Capítulo 4 - Paper boat


Fanfic / Fanfiction Psychopath - Capítulo 4 - Paper boat

“Você tem dores morando em lugares que dores não deviam morar”- Outros jeitos de se usar a boca

16 de janeiro de 1920

Querido mar do infinito.

Dias de chuva me acalmam, pois ela é responsável por tantas coisas, como criar ou destruir.

As vezes mesmo em baixo de um guarda-chuva, eu ainda me sinto como as cores que escorrem uma tela, que é melhoda com as gotas grossas e densas que caem do céu. Mas mesmo assim gosto de me apoiar na madeira perto do lago, e observar os pequenos soldadinhos que se formam ao impacto das gotas na superfície de terra.

Mesmo com a garoa, os barcos de papel levados pelas correntes fortes permanecem fortes a procura do grande arco. E eu vi pela primeira vez meu arco íris depois de uma longa época de tempestades.

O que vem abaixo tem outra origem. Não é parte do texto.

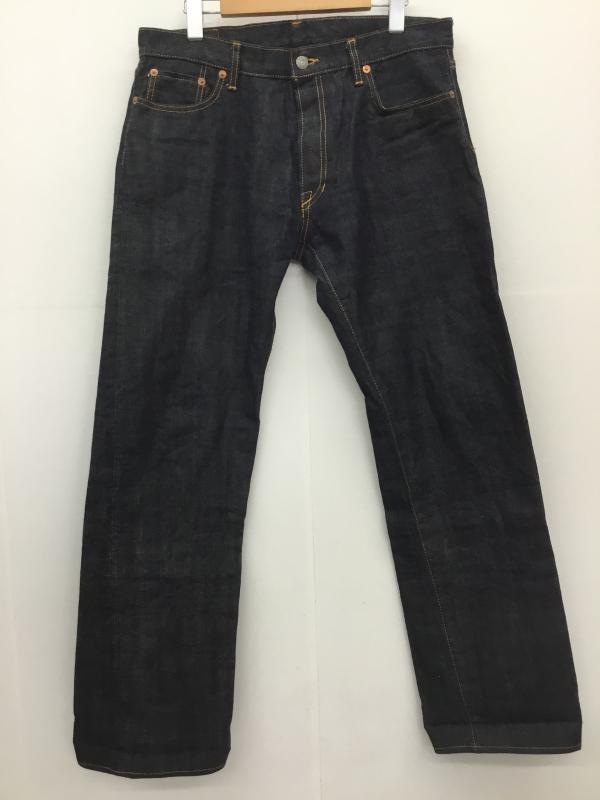 ジョーマッコイ JOE McCOY パンツ デニム、ジーンズ 31インチ 無地 黒 / ブラック /  メンズ USED 古着 中古 10110116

Seus olhos brilhantes como o sol me atraíram quando ele atravessou aquela porta. Seu calor irradiou a sala gelada, e seus trasos delicados atraíram meu olhar furtivamente por cima da tela branca que eu havia montado.

Eu nunca agraditei que poderia sorrir novamente, mas aconteceu como se meu ser fosse naturalmente programado para aquilo.

Meu coração fora acertado com um espinho, meu corpo se arrepiou, e todos meus desejos ruins foram para um gigantesco buraco negro. Mesmo sendo algo tão impossível, me senti em uma viagem em um mar calmo.

Pela primeira vez pedi para os céus que alguém se aproximasse mas não para mata-lo.

Meu pincel deslizou cuidadosamente, deixando traços confiantes, em meio a minha confusão de pensamentos novos.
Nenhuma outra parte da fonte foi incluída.